Problem: Wherever the line that contains "Dolgenbrodt FDGB Erholungsheim Erich Gentsch" falls, repeat it and the lines after it exactly until the records end, without any pictures.

──────── Records for this exercise

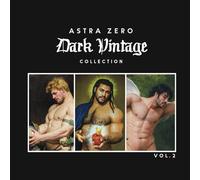 Astra Zero Dark Vintage Vol.2 - 8.5x8.5": Economy Edition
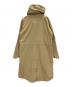 on (オン) Knee Length Waterproof Jacket in Chai 性別	メンズ 色	ブラウン サイズ	SIZE M 代理店表記	あり ブラウン サイズ:M：20000円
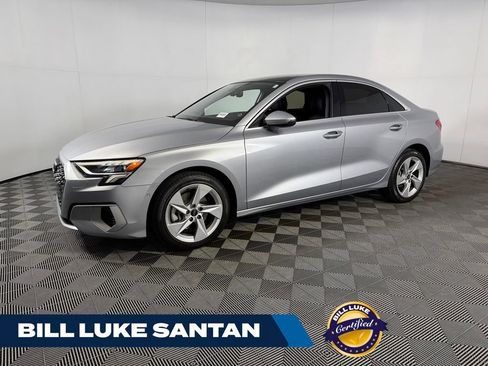 Used 2023 Audi A3 2.0T Premium Plus w/ Premium Plus Package AWD/4WD image 1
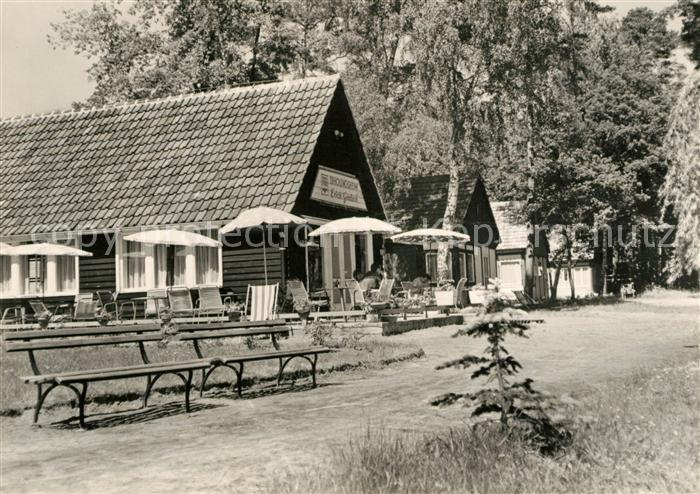 Dolgenbrodt FDGB Erholungsheim Erich Gentsch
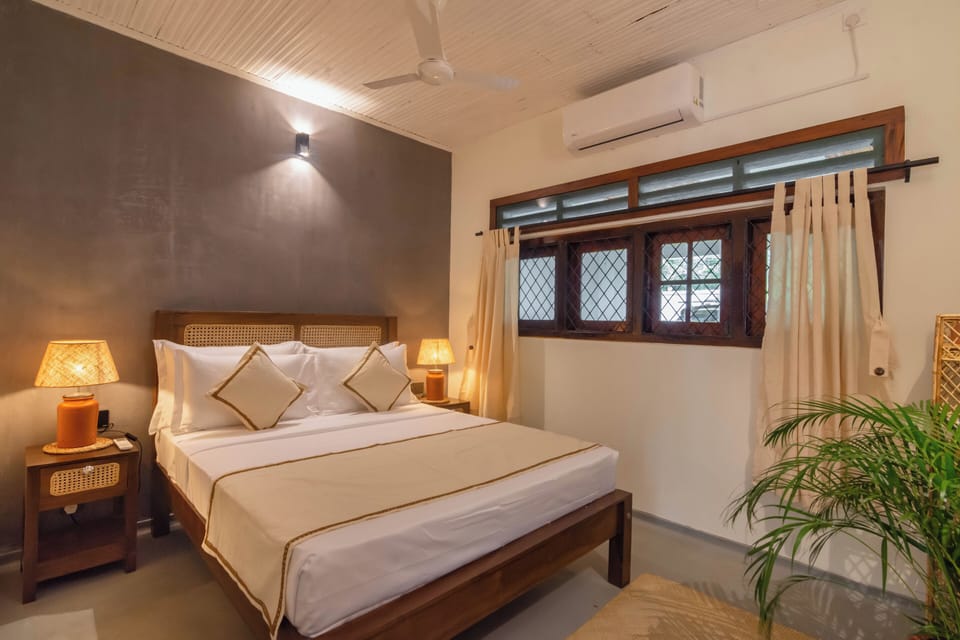 Economy Room | Individually decorated, individually furnished, free WiFi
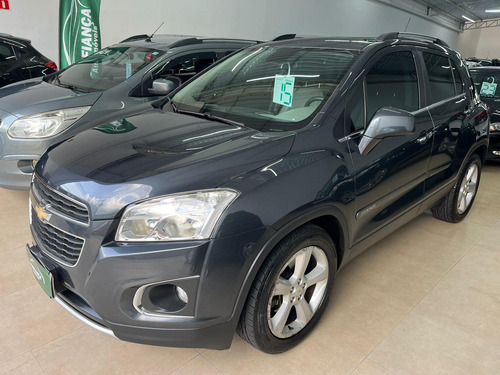 Chevrolet Tracker Tracker LTZ 1.8 16v (Flex) (Aut)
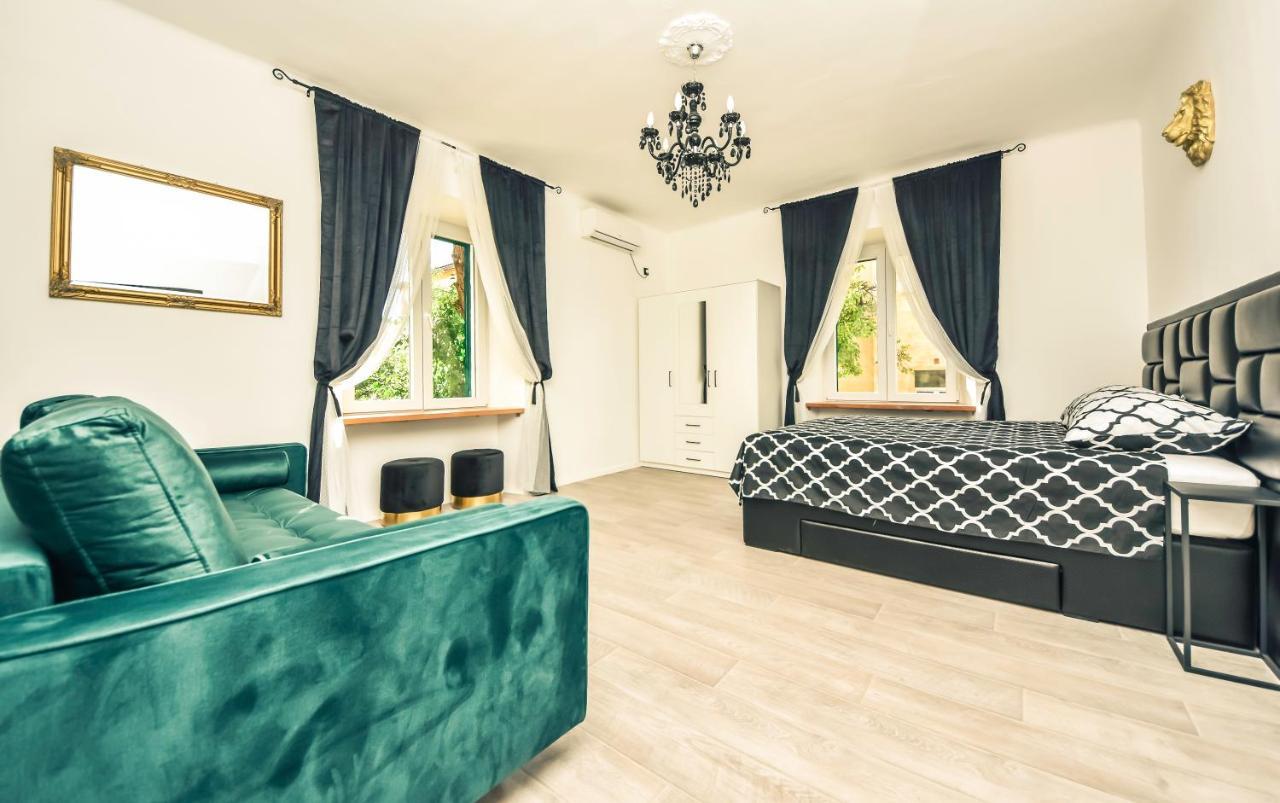 Luxury Heritage Apartment Zara Antica Exterior foto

────────────────

Output for this exercise:
 Dolgenbrodt FDGB Erholungsheim Erich Gentsch
 Economy Room | Individually decorated, individually furnished, free WiFi
 Chevrolet Tracker Tracker LTZ 1.8 16v (Flex) (Aut)
 Luxury Heritage Apartment Zara Antica Exterior foto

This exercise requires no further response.